→ THE TASK
Once you reach the line with "Audi A3 2018 Punainen" in the material below, copy each line exactly up to and including the line with "Apartment Three bedroom", and skip the pictures.

Top of GIVEN RECORDS

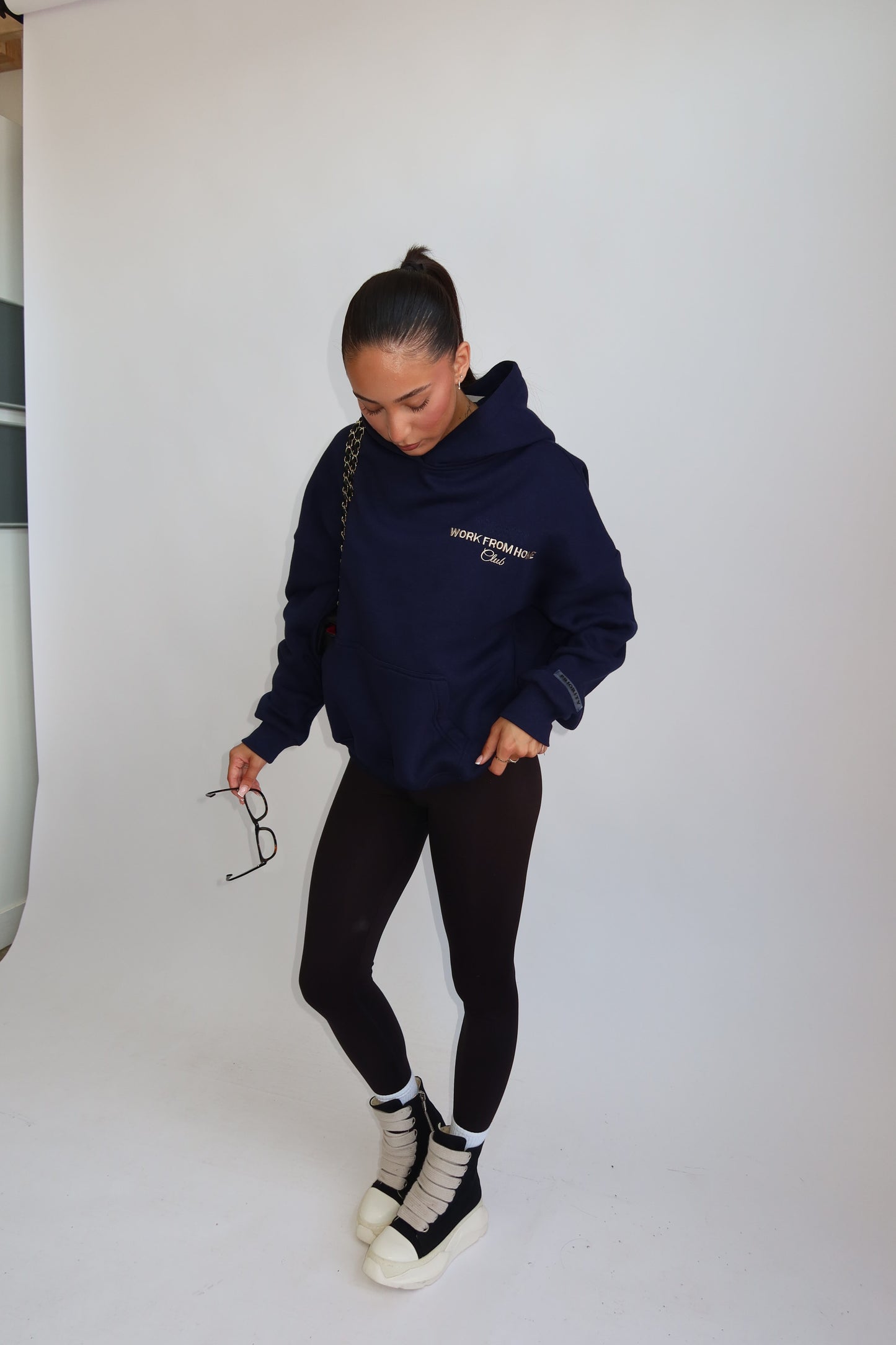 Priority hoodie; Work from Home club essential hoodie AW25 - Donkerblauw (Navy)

Bottom of GIVEN RECORDS
Top of GIVEN RECORDS

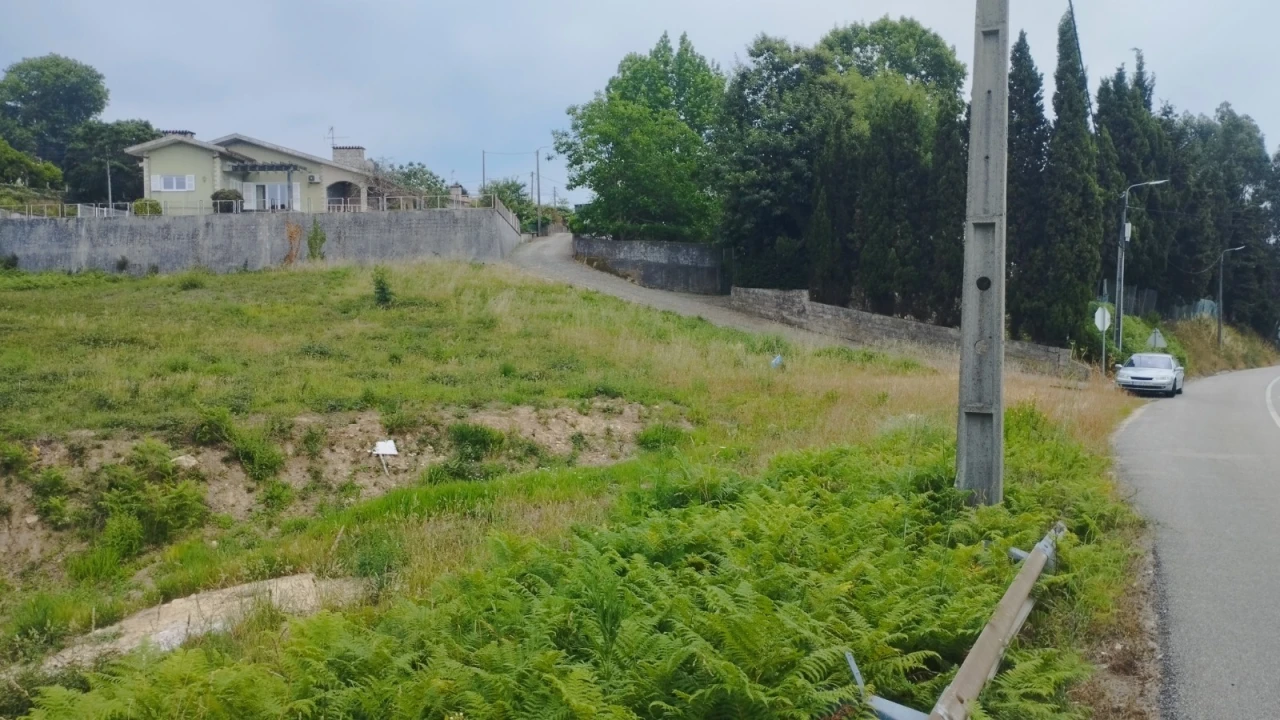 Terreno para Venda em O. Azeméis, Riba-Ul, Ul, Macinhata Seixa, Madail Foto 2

Bottom of GIVEN RECORDS
Top of GIVEN RECORDS

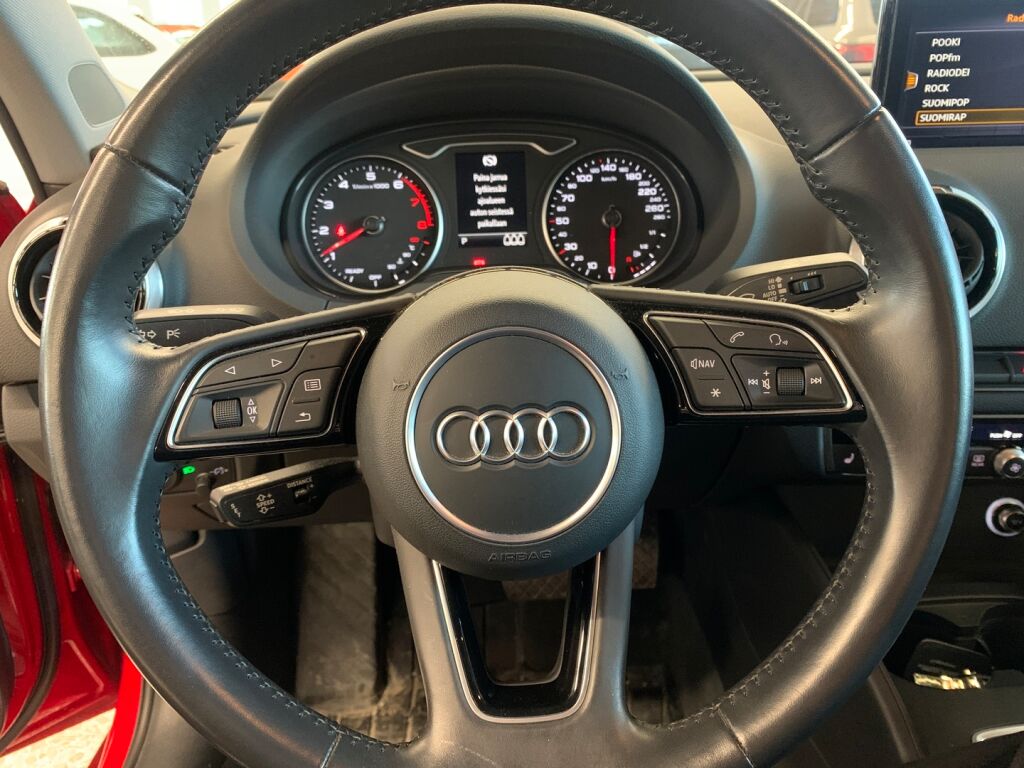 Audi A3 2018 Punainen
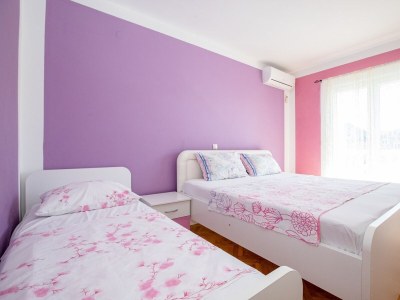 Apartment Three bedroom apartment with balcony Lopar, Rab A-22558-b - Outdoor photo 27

Bottom of GIVEN RECORDS

→ SOLUTION TO THE EXERCISE
 Audi A3 2018 Punainen
 Apartment Three bedroom apartment with balcony Lopar, Rab A-22558-b - Outdoor photo 27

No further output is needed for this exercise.